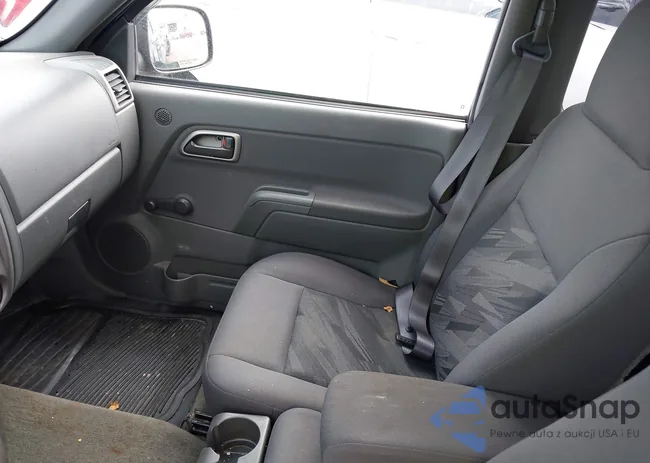 1GCCS196848172126: 43212762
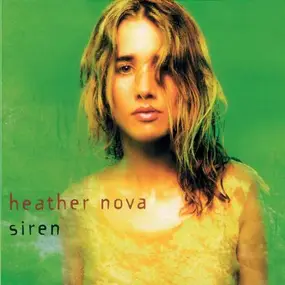 Heather Nova - Siren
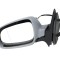 Oglinda exterioara VW POLO (6N2) (1999 - 2001) BLIC 5402-04-1125199P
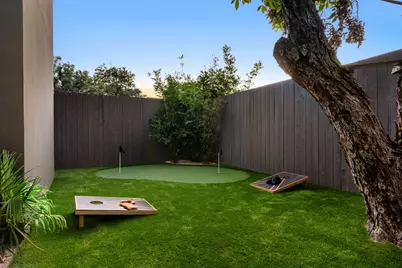5313 Avenue G Street #2, Austin, TX 78751 - Photo 15
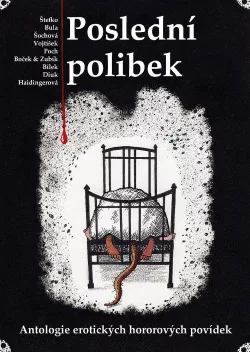 Poslední polibek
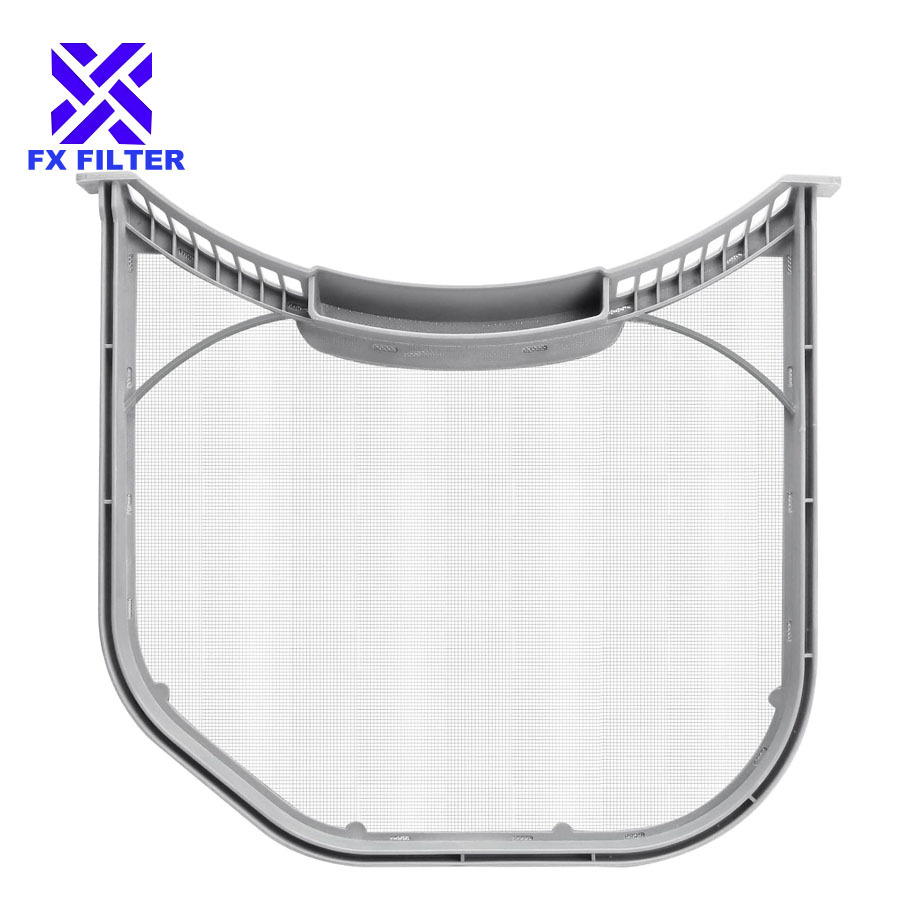 LG KENMORE ADQ56656401 건조기용 보풀 필터에 적합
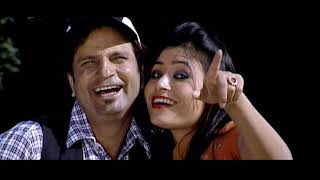 NEW MUSIC VIDEO || RIMA GURUNG || ROSHA LIMBU || जहाज सरर ||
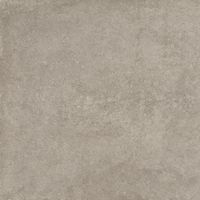 Плитка Zeus Ceramica GREY (X60RM8R) изображение 2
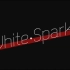 虚拟偶像团体在线出道？！月歌第二季OP翻唱《White Sparks》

^^^^

▸ Task goal
Only the lines from the one that holds "NEW MUSIC VIDEO" through the end of the records above should be printed again, exactly as they are. Leave out the pictures.

▸ Exercise result
 NEW MUSIC VIDEO || RIMA GURUNG || ROSHA LIMBU || जहाज सरर ||
 Плитка Zeus Ceramica GREY (X60RM8R) изображение 2
 虚拟偶像团体在线出道？！月歌第二季OP翻唱《White Sparks》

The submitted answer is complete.